Antitrust standing and injury. Continental demonstrated antitrust standing, because its alleged injuries include its inability to obtain FRAND licenses due to Defendants’ alleged agreement not to provide them. But Continental did not sufficiently allege antitrust injury, because it did not allege harm to its competitive position or its position as a consumer of products used in its devices. Continental did not allege that it has been unable to continue to produce and sell TCUs to the OEMs or that the OEMs cannot obtain SEP licenses from Defendants. To the extent that the OEMs pay non-FRAND royalties for those licenses, this increase in price may constitute an antitrust injury to the OEMs. But Continental did not sufficiently allege that those increased prices will be passed on to it. And even if an OEM’s antitrust injury could be imputed to Continental, Continental would not be the best plaintiff to bring this action. The claimed antitrust violations are directly felt by the OEMs, which are allegedly forced to obtain SEP licenses on non-FRAND terms. Continental is merely an indirect victim of the alleged scheme.
Restraint of trade and monopolization claims. Even if Continental had adequately alleged antitrust injury, its restraint of trade claim would fail. To the extent the Licensor Defendants refused to negotiate with Continental, this alleged at best parallel conduct and the possibility of concerted action, which are insufficient to state a claim of an unlawful agreement to restrain trade. Continental’s monopolization and conspiracy to monopolize claims would also fail. An SEP holder may obtain additional monopoly power through inclusion in a standard. This additional market power is inevitable as a very frequent consequence of standard setting, and is necessary to achieve the benefits served by the standard, including procompetitive benefits. It is not anticompetitive for an SEP holder to violate its FRAND obligations; an SEP holder may choose to contractually limit its right to license the SEP through a FRAND obligation, but a violation of this contractual obligation is not an antitrust violation. Continental alleged that Defendants obtained unlawful monopolies by making fraudulent FRAND declarations to the SSOs that induced the SSOs to include Defendants’ SEPs in their standards.
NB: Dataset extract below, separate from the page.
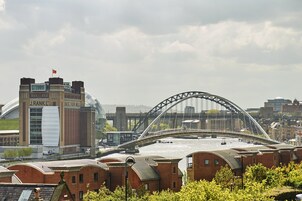 Un paisaje urbano con un puente destacado, un estadio y un río.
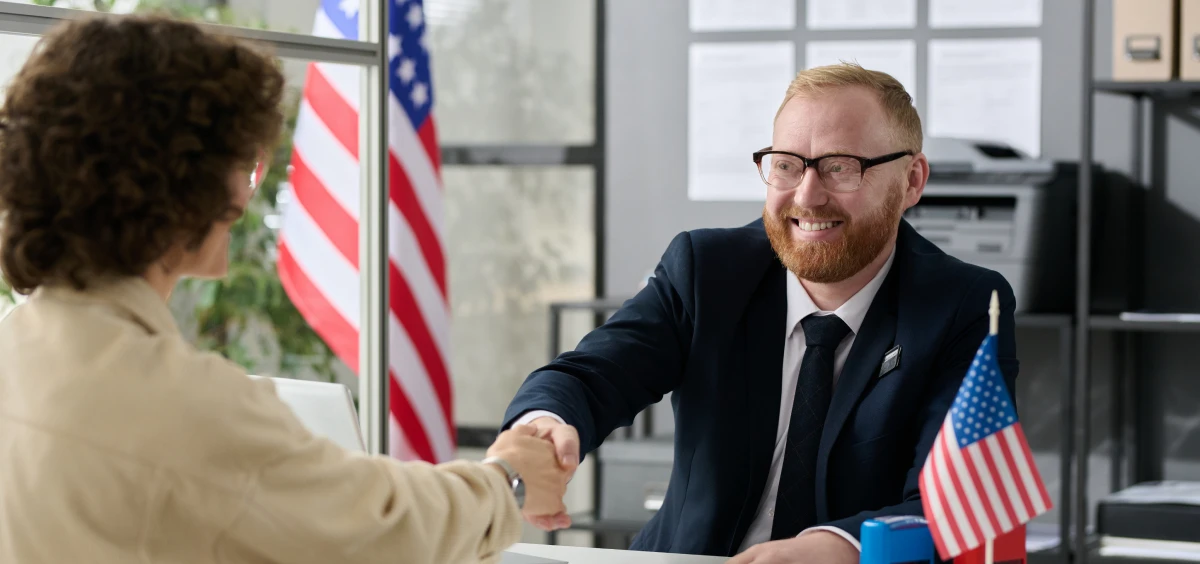 Professional meeting with handshake and flags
But Defendants’ allegedly fraudulent FRAND declarations to the SSOs do not constitute anticompetitive conduct that can be the basis of a monopolization claim. Given that Defendants’ alleged conduct with respect to the SSOs and their FRAND obligations is not anticompetitive because such conduct does not harm the competitive process, any agreement to engage in that conduct cannot constitute a conspiracy to monopolize.
Having dismissed all of Continental’s federal claims, the court declined to exercise supplemental jurisdiction over Continental’s declaratory judgment, contract, promissory estoppel, and unfair competition claims.
This case is No. 3:19-cv-02933-M.
Attorneys: Stephen Korniczky (Sheppard Mullin Richter Hampton LLP) for Continental Automotive Systems Inc. Jeffrey L. Kessler (Winston & Strawn LLP) for Avanci LLC.